ABOUT THIS EXERCISE:
Transcribe exactly, and only, the lines running from the one that contains "Meadows Inn Mysore Exterior foto" through the last line of the material. No pictures.

SOURCE DATA:
^^^^

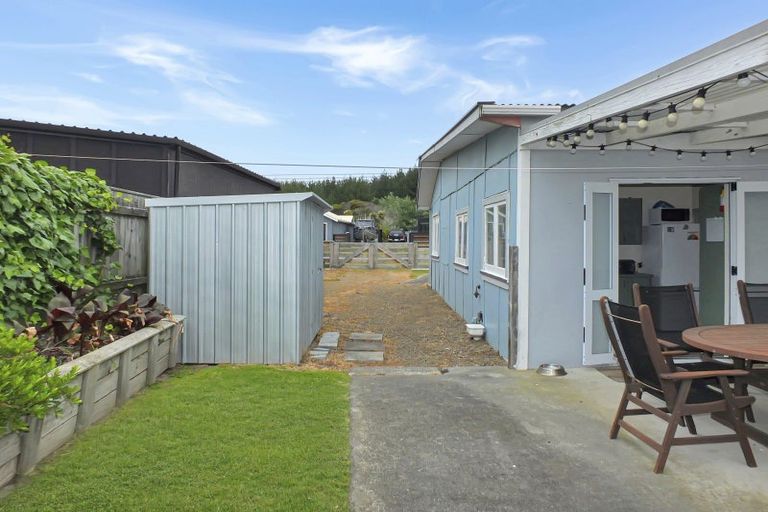 Photo of property in 13 Barber Street, Foxton Beach, Foxton, 4815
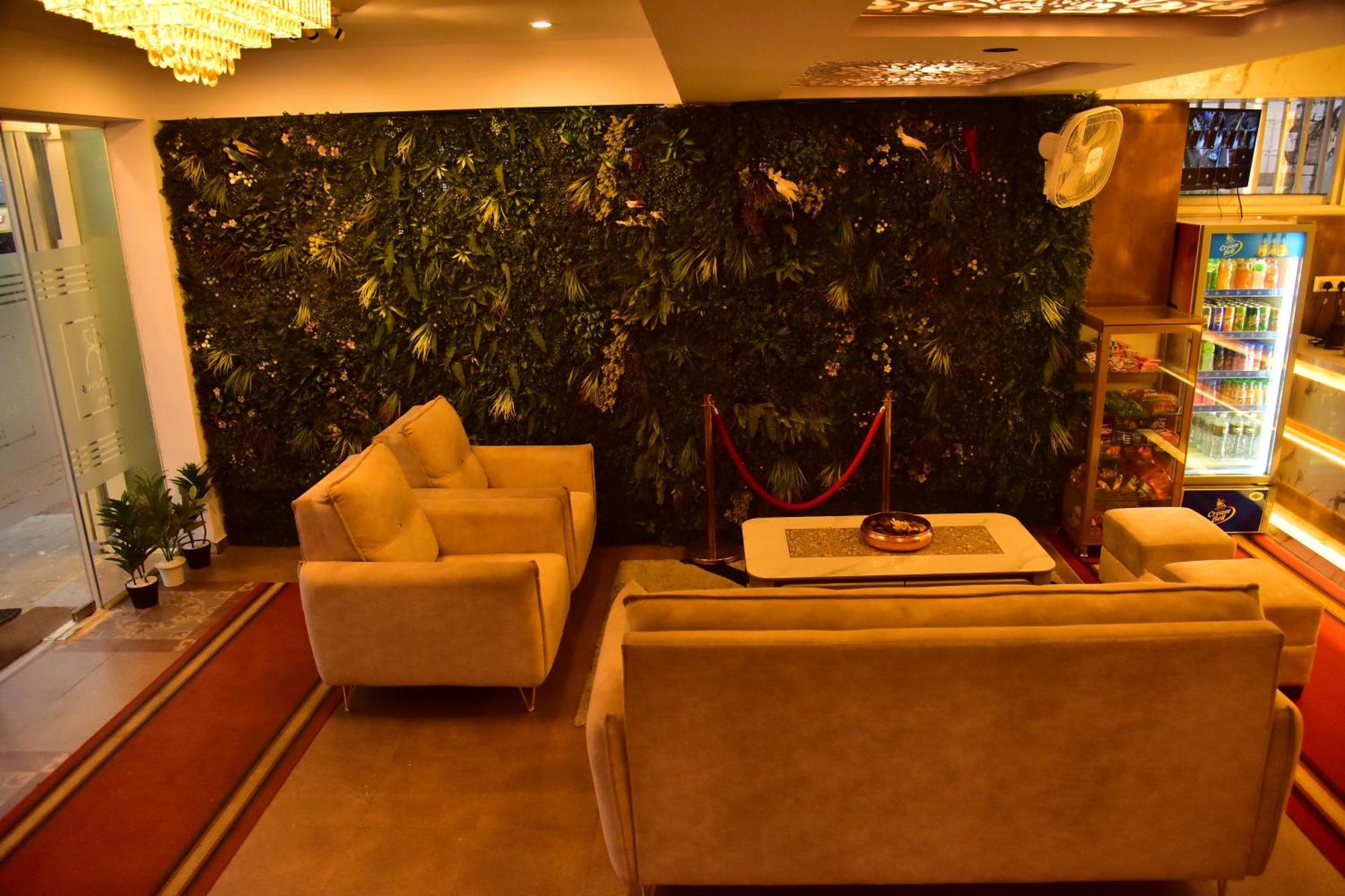 Meadows Inn Mysore Exterior foto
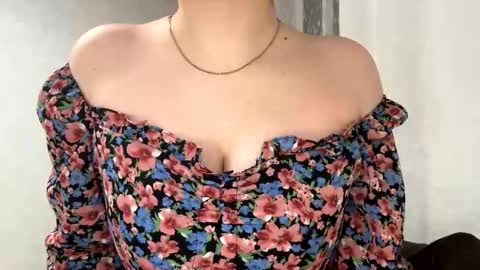 Snapshot of adele_veli chatting on 01-07-25, 03:54 adele_veli online show from 01-07-25, 03:54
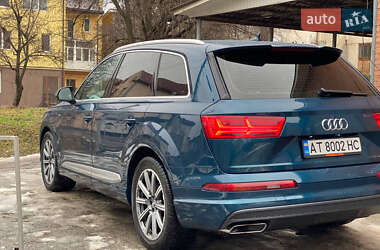 Позашляховик / Кросовер Audi Q7 2018 в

^^^^

RESULT OF THE TASK:
 Meadows Inn Mysore Exterior foto
 Snapshot of adele_veli chatting on 01-07-25, 03:54 adele_veli online show from 01-07-25, 03:54
 Позашляховик / Кросовер Audi Q7 2018 в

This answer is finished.